AWS Big Data Blog
Query and visualize Amazon Redshift operational metrics using the Amazon Redshift plugin for Grafana
Grafana is a rich interactive open-source tool by Grafana Labs for visualizing data across one or many data sources. It’s used in a variety of modern monitoring stacks, allowing you to have a common technical base and apply common monitoring practices across different systems. Amazon Managed Grafana is a fully managed, scalable, and secure Grafana-as-a-service solution developed by AWS in collaboration with Grafana Labs.
Amazon Redshift is a fast, petabyte-scale cloud data warehouse delivering the best price–performance. You can view your Amazon Redshift cluster’s operational metrics on the Amazon Redshift console, use AWS CloudWatch, and query Amazon Redshift system tables directly from your cluster. The first two options provide a set of predefined general metrics and visualizations. The last one allows you to use the flexibility of SQL to get deep insights into the details of the workload. However, querying system tables requires knowledge of system table structures. To address that, we came up with a consolidated Amazon Redshift Grafana dashboard that visualizes a set of curated operational metrics and works on top of the Amazon Redshift Grafana data source. You can easily add it to an Amazon Managed Grafana workspace, as well as to any other Grafana deployments where the data source is installed.

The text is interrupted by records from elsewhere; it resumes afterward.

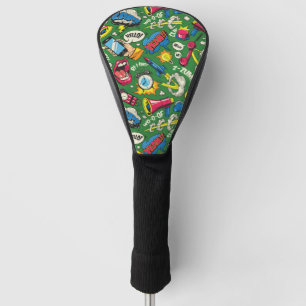 Action Comic Cartoon - Pop Art Golf Club Headcover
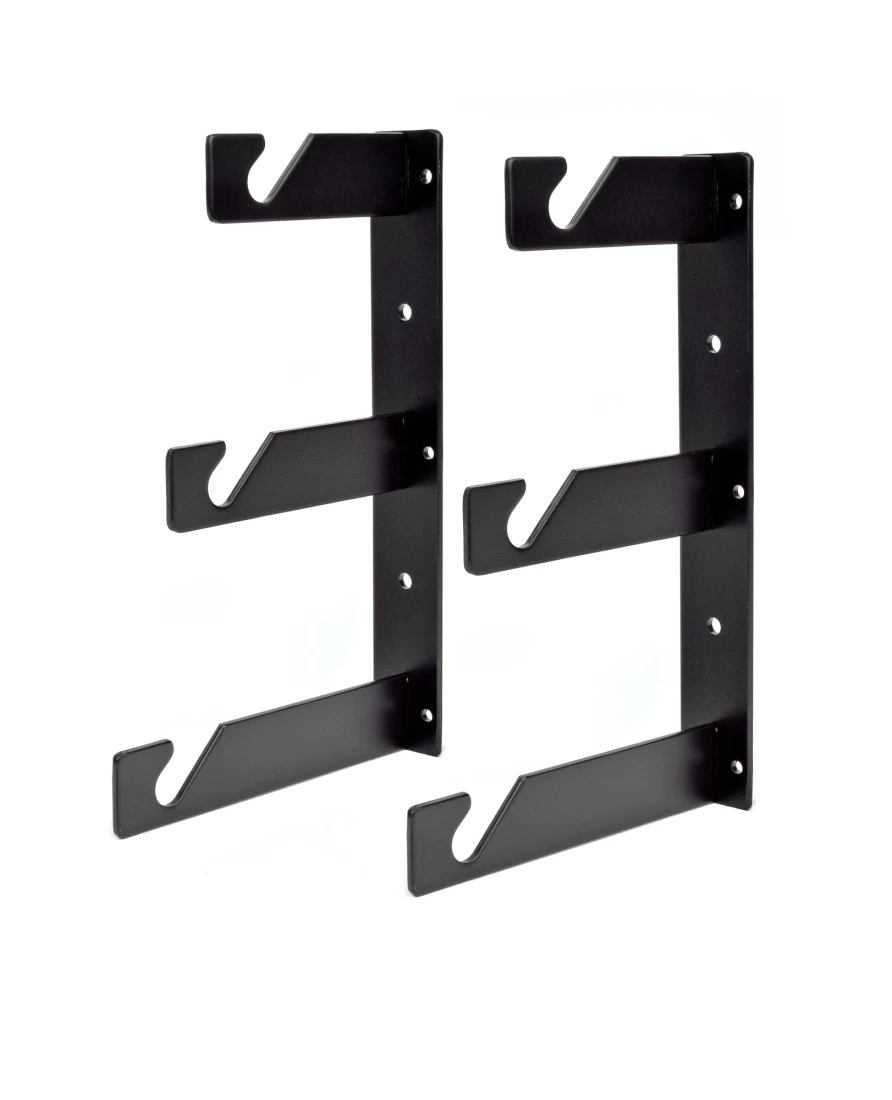 Bresser MB-17 Wall Mount Brackets Set for 3 Background Roll Holders – Durable Photography Support System
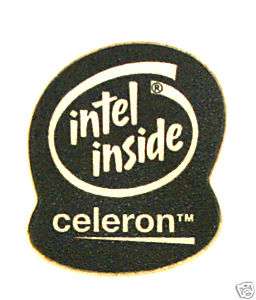 Original Intel Inside Celeron Aufkleber 17 x 20mm [77]  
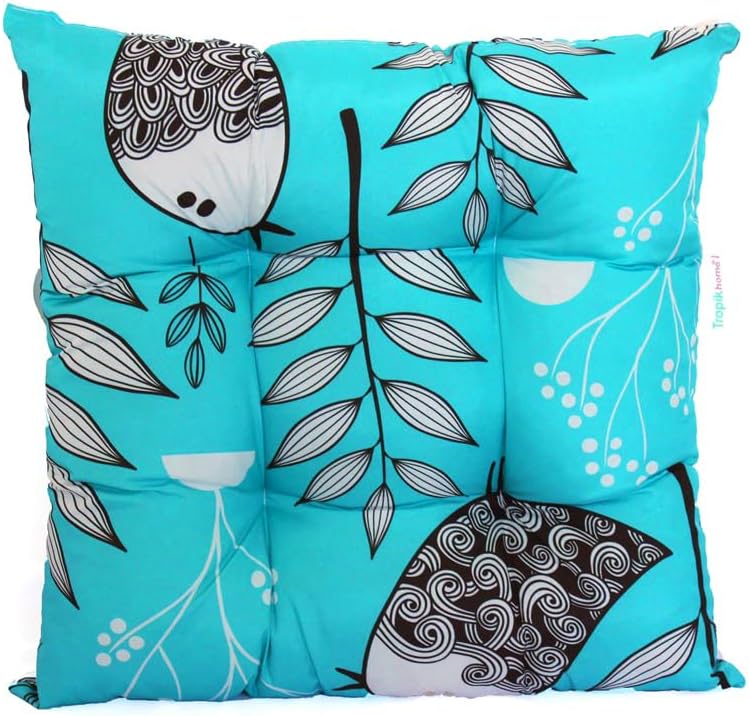 TROPIKHOME Almohadillas de asiento coloridas cojines de asiento para jardín, cocina, comedor, escritorio, cojines de suelo (2 piezas de cojines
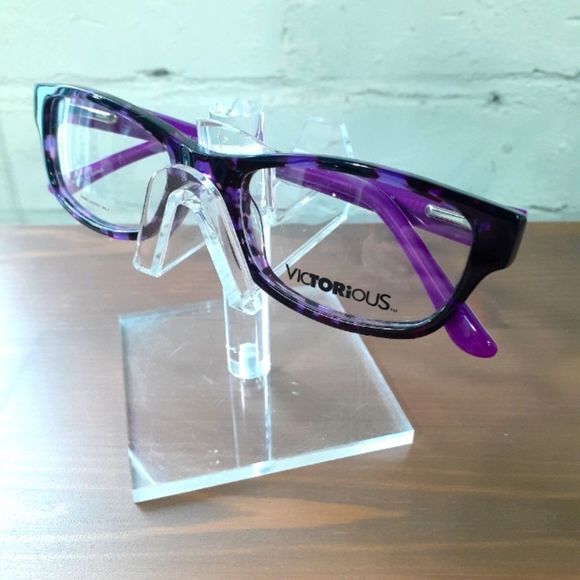 NEW Victorious, eyeglass frame, Prescription-ready Purple glasses, 50-17-135 - Picture 2 of 7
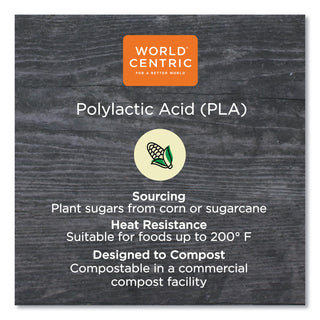 World Centric® PLA Clear Cold Cup Lids, Fits 9 oz to 24 oz Cups, Clear, 1,000/Carton (WORCPLCS12NS)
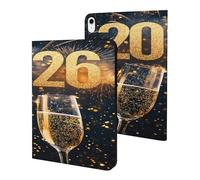 Happy New Year 2026 Compatible with iPad Protective Case iPad 10代 (10.9in)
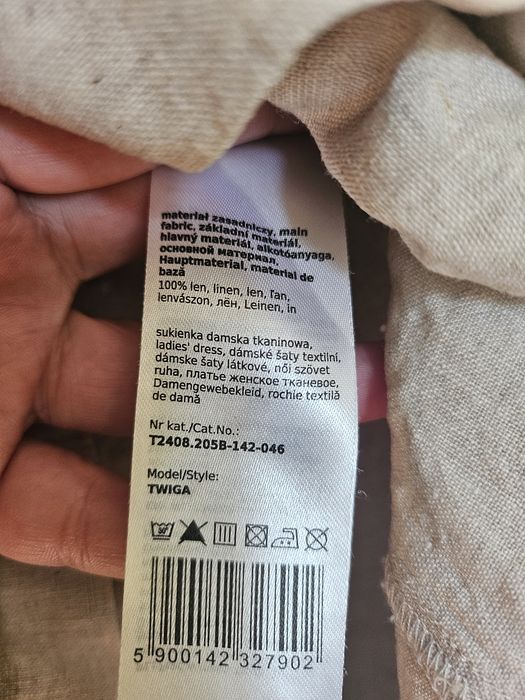 Sukienka lniana tatuum 46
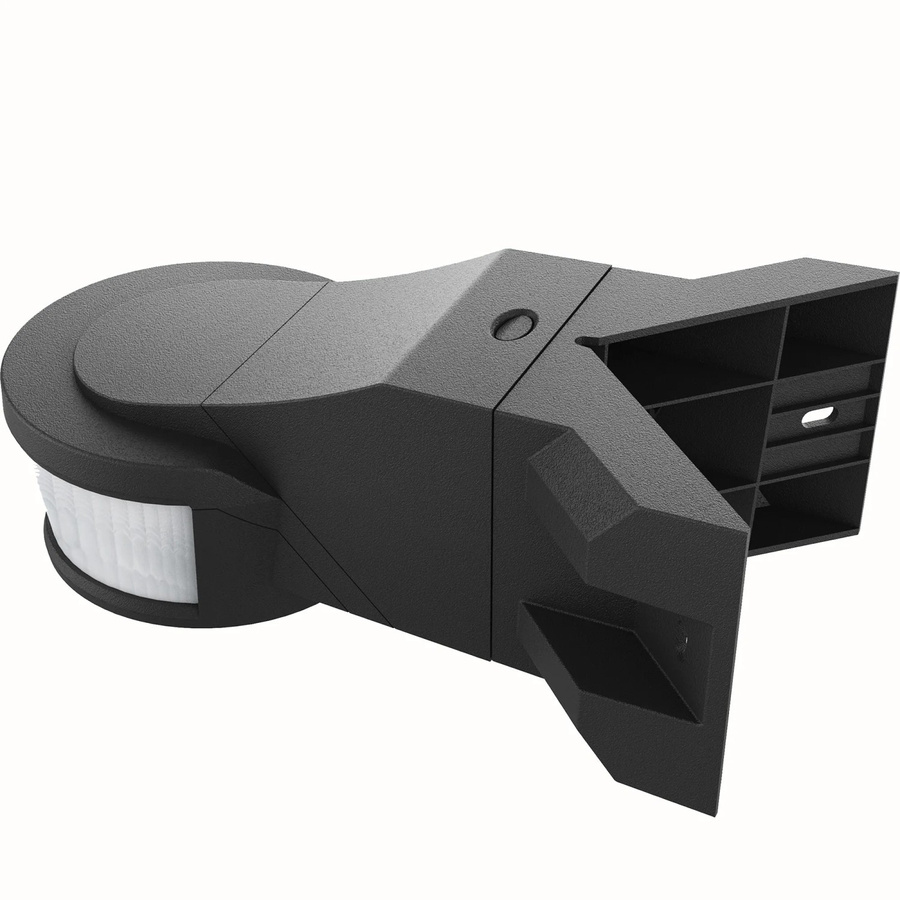 LED's light 3in1 LED Bewegungsmelder mit 270° Erfassungswinkel, IP44 Außenleuchte für Wand und Decke, Schwarz - Bild 2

This post guides you through a step-by-step process to create an Amazon Managed Grafana workspace and configure an Amazon Redshift cluster with a Grafana data source for it. Lastly, we show you how to set up the Amazon Redshift Grafana dashboard to visualize the cluster metrics.

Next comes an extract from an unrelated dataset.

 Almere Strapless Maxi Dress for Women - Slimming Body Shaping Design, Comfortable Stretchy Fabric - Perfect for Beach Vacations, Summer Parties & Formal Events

The following diagram illustrates the solution architecture.
The solution includes the following components:
- The Amazon Redshift cluster to get the metrics from.
- Amazon Managed Grafana, with the Amazon Redshift data source plugin added to it. Amazon Managed Grafana communicates with the Amazon Redshift cluster via the Amazon Redshift Data Service API.
- The Grafana web UI, with the Amazon Redshift dashboard using the Amazon Redshift cluster as the data source. The web UI communicates with Amazon Managed Grafana via an HTTP API.
We walk you through the following steps during the configuration process:
- Configure an Amazon Redshift cluster.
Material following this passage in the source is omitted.